SENSとは円筒形のシールドマシンを使って掘削を行い、掘削が終わると同時にコンクリートでトンネル内面を覆う工法。硬い地盤を掘り進むNATM工法と軟弱地盤を掘り進むシールド工法の中間と考えればわかりやすい。しかし2021年7月、比羅夫工区で10mを超える巨大な岩塊が出現し、掘削がストップした。 硬い岩塊を掘削するとシールドマシンの刃が破損する危険がある。ルート上にこうした岩塊がほかにもあるか事前に調べる必要がある。そこで、地上から電磁波や、地盤打撃時に発生する弾性波を用いて地質を探査したところ、比羅夫工区と有島工区ルート上には9カ所で掘進に影響する可能性がある岩塊の存在が確認された。ただ、その後に9カ所を詳細に調査したところ、撤去が必要な岩盤は3カ所で、残り6カ所は「掘進が不可能というほどではない」という。

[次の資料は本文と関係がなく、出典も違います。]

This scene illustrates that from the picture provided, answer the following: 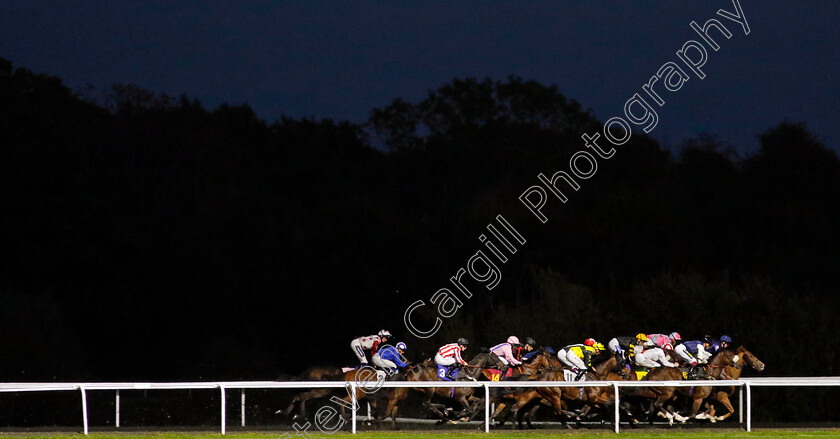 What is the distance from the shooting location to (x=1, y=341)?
2381cm

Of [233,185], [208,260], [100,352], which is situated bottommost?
[100,352]

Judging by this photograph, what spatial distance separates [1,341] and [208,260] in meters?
11.0

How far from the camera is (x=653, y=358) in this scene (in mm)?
14867

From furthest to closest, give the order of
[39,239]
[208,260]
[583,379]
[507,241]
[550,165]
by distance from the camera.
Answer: [550,165]
[507,241]
[208,260]
[39,239]
[583,379]

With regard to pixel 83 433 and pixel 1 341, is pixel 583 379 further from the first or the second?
pixel 1 341

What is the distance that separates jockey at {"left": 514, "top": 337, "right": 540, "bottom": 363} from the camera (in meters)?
15.1

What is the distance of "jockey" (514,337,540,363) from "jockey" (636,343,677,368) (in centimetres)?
143

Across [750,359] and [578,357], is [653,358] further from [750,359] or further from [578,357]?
[750,359]

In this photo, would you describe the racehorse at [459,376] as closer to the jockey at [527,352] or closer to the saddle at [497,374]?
the saddle at [497,374]

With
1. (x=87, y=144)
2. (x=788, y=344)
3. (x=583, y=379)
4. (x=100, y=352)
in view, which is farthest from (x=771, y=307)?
(x=87, y=144)

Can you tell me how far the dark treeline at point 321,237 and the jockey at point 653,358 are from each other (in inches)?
403

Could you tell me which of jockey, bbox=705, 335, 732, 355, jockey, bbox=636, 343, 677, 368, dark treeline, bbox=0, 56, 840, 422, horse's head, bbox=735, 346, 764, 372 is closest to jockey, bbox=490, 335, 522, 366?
jockey, bbox=636, 343, 677, 368

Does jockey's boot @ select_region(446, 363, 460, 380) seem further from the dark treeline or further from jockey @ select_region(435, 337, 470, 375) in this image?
the dark treeline

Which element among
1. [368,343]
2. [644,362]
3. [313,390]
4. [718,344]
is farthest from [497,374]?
[718,344]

工事を妨げた巨大岩塊については、シールド機の後ろから岩盤に向かって迂回する小断面のトンネルをNATM工法で掘削し、到達後に岩塊を細かく砕いて2023年3月に迂回トンネルから除去した。その後は迂回トンネル埋め戻しなどの整備を終え、2023年11月、2年4カ月ぶりに掘削を再開した。比羅夫工区の11月時点の掘削進捗率は69%。2019年4月に着工を開始し、2024年8月の完成を目指していた。 有島工区の工期は2025年3月で、11月時点の進捗率は59%だが、今年4月にシールドマシンが約2mの岩塊が出現して停止した。掘削箇所が地表から15mしかないこともあり、地上から掘削して岩を砕いて取り除くこととした。岩塊の撤去が完了し、11月18日、7カ月ぶりに掘削を再開したが、翌19日に1m程度の大きさの新たな岩塊が出現し、またもや掘削を停止してしまった。